第211回:強風の観音崎へ
押本 龍一

押本龍一、東京品川生まれ。
82年英語の勉強のため2年の予定で渡米。84年ニューヨークに渡り刺激を受け予定を変更、広告写真スタジオで働き始める。91年フォトグラファーとして独立。95年ニューヨークからロサンゼルスに拠点を移し現在に至る。エンターテインメント関係の撮影中心。近年はライフワークである旅写真に力を入れている。趣味は旅と山歩き。

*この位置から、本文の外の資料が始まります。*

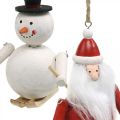 Floristik24 Kalėdų eglutės papuošimai mediniai Kalėdų senelis ir sniego senelis 11cm rinkinys po 2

オフィシャルサイト : http://oshimoto.net/

第211回:強風の観音崎へ

フランス人のF.L.ヴェルニーの設計により建設された観音埼灯台(1868年9月に完成)は日本で初の洋式灯台だ。現在の灯台(1925年6月1日に完成)は3代目だ。

使用機材:SIGMA sd Quattro + SIGMA 18-35mm F1.8 DC HSM | Art | 露出モード:M-マニュアル露出 | ISO感度:100 | ホワイトバランス:モノクローム | シャッター速度:1/320 秒 | 絞り値:F5.6 | 焦点距離:35mm

朝から風が強く雨が降るのも時間の問題だった9月下旬、東京湾に突き出した三浦半島の東端である観音崎へ向かった。強風が吹き抜ける馴染みのない横須賀海岸通りを東へ走り、道が大きく右に曲がると左手に小さな漁港があり、右手に「走水神社」と書かれた小さな看板が立っていた。そろそろ休憩したかった私は看板に誘われ、日本武尊(やまとたけるのみこと)と弟橘媛命(おとたちばなひめのみこと)を御祭神とする走水神社(はしりみずじんじゃ)に立ち寄った。昔は斜面だった土地と考えられる境内は三段になり、本殿は1番上の小さな土地に建ち、駐車場は2段目の横にあったので、車を停めた後境内の正面まで下りて境内の石段を登った。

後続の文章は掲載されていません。